Sœur Vitaline ne voit rien

La première des religieuses qu’elle rencontra fut sœur Vitaline. Instruite de l’événement, celle- ci interrompit la lecture de son office, se rendit devant la grange, et après avoir regardé dans la partie du ciel indiquée, déclara qu’elle n’y voyait pas la belle Dame. Les enfants, surpris et chagrinés de cette déclaration, insistèrent plus vivement que jamais. Ils ne s’expliquaient pas que la bonne sœur Vitaline ne distinguât rien de ce qu’ils voyaient si clairement. Mais ils eurent beau faire, beau insister, beau dépeindre l’apparition, sœur Vitaline répondit à toutes les questions qu’elle ne voyait absolument rien.

Poursuivre la Lecture

Après quoi elle s’en alla, reconduite par Victoire Barbedette. Trois petites filles étaient encore à l’école. La bonne sœur, à qui les choses de Dieu étaient connues, eut une heureuse inspiration. Elle appela les trois petites filles, et sans leur rien dire de la vision des enfants de Barbedette, elle les conduisit devant la grange. Une autre religieuse, sœur Marie-Edouard, ainsi que Victoire, les accompagnèrent. Les petites filles ne furent pas plus tôt arrivées devant la porte de la grange que deux d’entre elles s’écrièrent :

« Nous voyons une belle grande Dame ».

Et elles dépeignirent l’apparition dans les mêmes termes que les enfants de Barbedette. Frappées de ce concert, les religieuses prévinrent le curé. Le vénérable pasteur, en apprenant cette nouvelle, fut frappé d’une teneur religieuse et ému jusqu’aux larmes. Âme naïve, innocente, humble et pure, la pensée d’une manifestation divine le jeta dans un saint effroi, adouci pourtant par un profond sentiment de reconnaissance. Quelque temps immobile sous le poids de l’émotion qui l’accablait, le vieux serviteur de Jésus-Christ finit cependant par recueillir ses forces et se diriger vers la maison de Barbedette. Il y arriva avec beaucoup d’autres personnes de sa paroisse, car déjà le bruit du merveilleux événement faisait le tour du hameau. Mais ni le vénérable pasteur, ni les religieuses, ni aucune des grandes personnes présentes ne voyaient rien, les enfants seuls voyaient de suite la belle Dame, lin d’entre eux, Eugène Friscau, âgé de six ans, déclara voir tout ce que les petits garçons et les petites filles dont nous avons parlé ne se lassaient pas d’admirer. Une autre, une toute petite fillette, qui était dans sa troisième année et que sa mère tenait dans ses bras, entra dans une charmante ivresse à la vue de la belle Dame qu’elle appelait le Jésus, en souvenir du beau portrait que sa mère lui avait fait du divin Enfant. Elle ne pouvait en détacher ses regards, et en signe de joie et de bonheur, elle battait ses petites mains roses, comme l’oiselet fait de ses ailes à l’approche de sa mère. Ensuite les enfants virent un cercle ovale d’un bleu foncé se dessiner autour de l’apparition. Quatre cierges, deux de chaque côté, étaient fixés à l’intérieur du cercle bleu. Ils virent aussi apparaître une croix rouge sur la poitrine de la Dame. À toutes ces marques, à tous ces caractères décrits d’une manière toujours concordante et toujours invariable par les enfants, le vénérable pasteur de Pontmain connut que la belle Dame n’était autre que la sainte Vierge.

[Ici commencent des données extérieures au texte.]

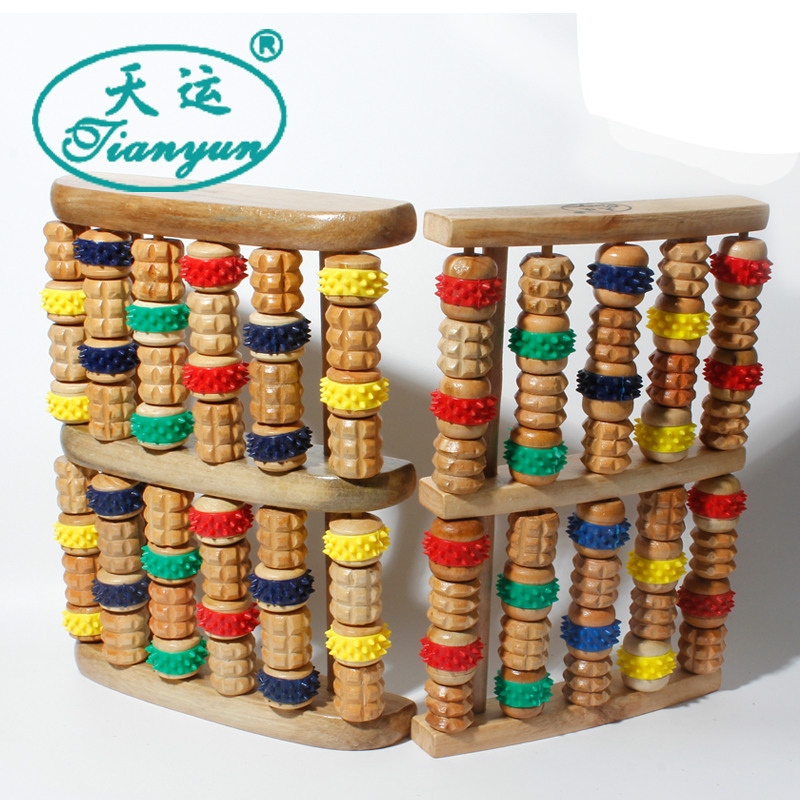 Yiwu Good Goods Supply Authentic Tianyun Brand Wooden Massager Foot Massager Foot Skin 6-Row Massager -1006/36747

Cependant, les habitants de Pontmain, réunis en grand nombre, s’entretenaient de l’événement. Comme il arrive toujours, les uns croyaient au miracle sur la foi des enfants, et d’autres étaient incrédules. Il y avait même quelques esprits forts en herbe qui attribuaient l’impossibilité de voir au défaut de lunettes ou de mouchoirs de soie, assimilant sans doute une apparition miraculeuse à une éclipse de lune.

Frustration des adultes

Pourquoi, dit un jour M. Renan, pourquoi Dieu ne fait-il pas de miracles en présence des membres de l’Institut ? — Pourquoi, dit à son tour un petit Renan de village, ne verrais-je pas comme ces garçons ? Si j’avais un mouchoir de soie, je découvrirais sûrement le phénomène. — Oh ! Qu’à cela ne tienne, lui répondit Victoire Barbedette ; j’ai justement un mouchoir de soie : le voici, prenez et regardez. Le savantasse prit le mouchoir, se l’appliqua devant les yeux et essaya de voir à travers ; mais malgré son instrument d’optique, il avoua ne rien découvrir. Sa déconvenue provoqua un grand éclat de rire parmi la foule toujours grossissante, et au lieu de l’importance qu’il croyait se donner, il ne recueillit que des plaisanteries. Comme cette scène se prolongeait, et que quelques-uns des assistants continuaient à rire, à plaisanter et aussi à douter, les enfants remarquèrent que la physionomie de la belle Dame changeait, et qu’au sourire ineffable avec lequel elle les regardait, succédait une expression de profonde tristesse. Alors l’une des religieuses, sœur Marie-Edouard, demanda au vénérable pasteur de parler à la sainte Vierge. Lui ! Parler à la sainte Vierge, il n’oserait ni ne pourrait. Et pénétré d’une religieuse émotion, il s’affaissa sur ses genoux en murmurant : « Prions, mes enfants ! »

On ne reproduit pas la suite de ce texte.